• ASSIGNMENT
Before copying, set the pictures aside; then repeat every line below verbatim.

****

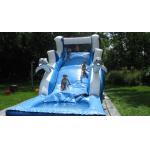 Inflatable Water Slide / inflatable giant wet slide with pool for sale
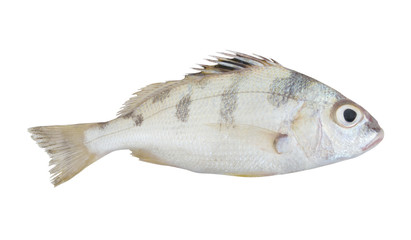 Saddle grunt fish isolated on white background, Pomadasys maculatus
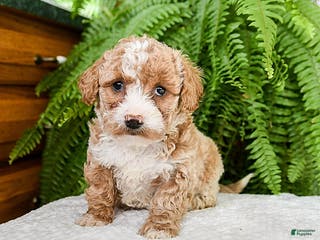 Bichpoo dogs Latchia - Ad 5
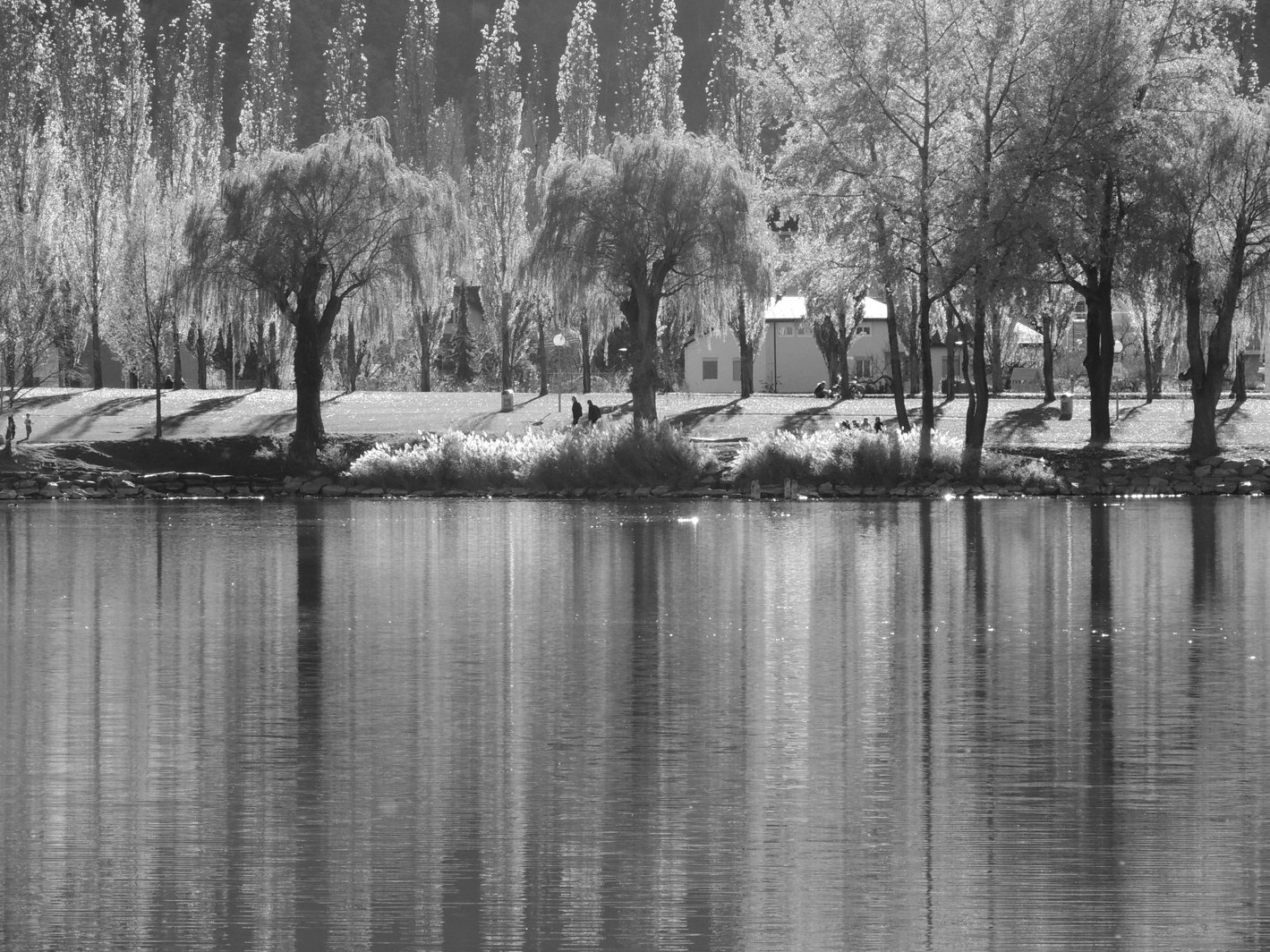 Black & white photography of a calm lake reflecting trees and houses along the shoreline under soft natural light.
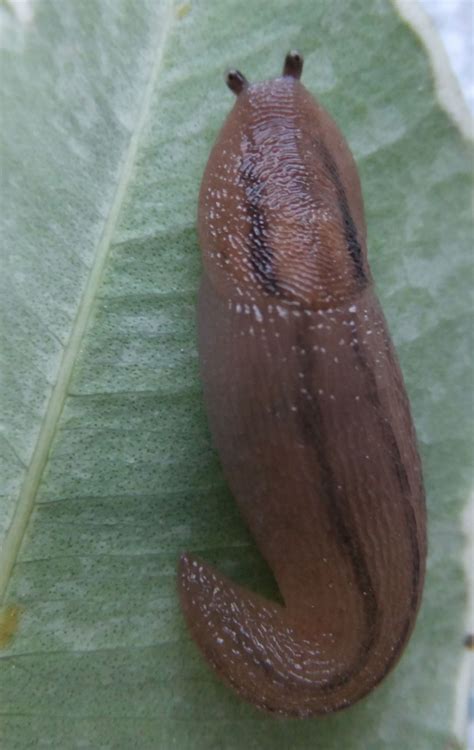 The str_slug function generates a url friendly slug from the given string: Greenhouse Slug | NatureSpot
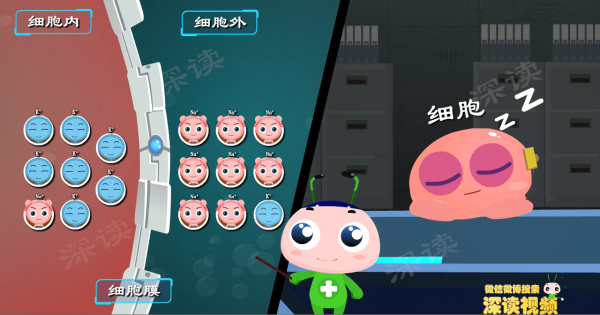 胳膊腿為啥沒力?躺著不動也心亂跳?動漫揭秘高鉀血癥致死全過程 胳膊腿為啥沒力?躺著不動也心亂跳?動漫揭秘高鉀血癥致死全過程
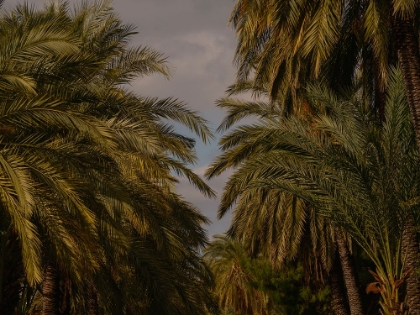 Picture of PALM TREES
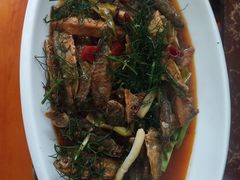 酸辣茴香小鱼-谢师酒家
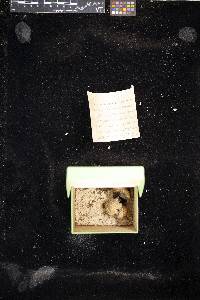 Scleroderma stellatum image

****

• SOLUTION TO THIS EXERCISE
 Inflatable Water Slide / inflatable giant wet slide with pool for sale
 Saddle grunt fish isolated on white background, Pomadasys maculatus
 Bichpoo dogs Latchia - Ad 5
 Black & white photography of a calm lake reflecting trees and houses along the shoreline under soft natural light.
 The str_slug function generates a url friendly slug from the given string: Greenhouse Slug | NatureSpot
 胳膊腿為啥沒力?躺著不動也心亂跳?動漫揭秘高鉀血癥致死全過程 胳膊腿為啥沒力?躺著不動也心亂跳?動漫揭秘高鉀血癥致死全過程
 Picture of PALM TREES
 酸辣茴香小鱼-谢师酒家
 Scleroderma stellatum image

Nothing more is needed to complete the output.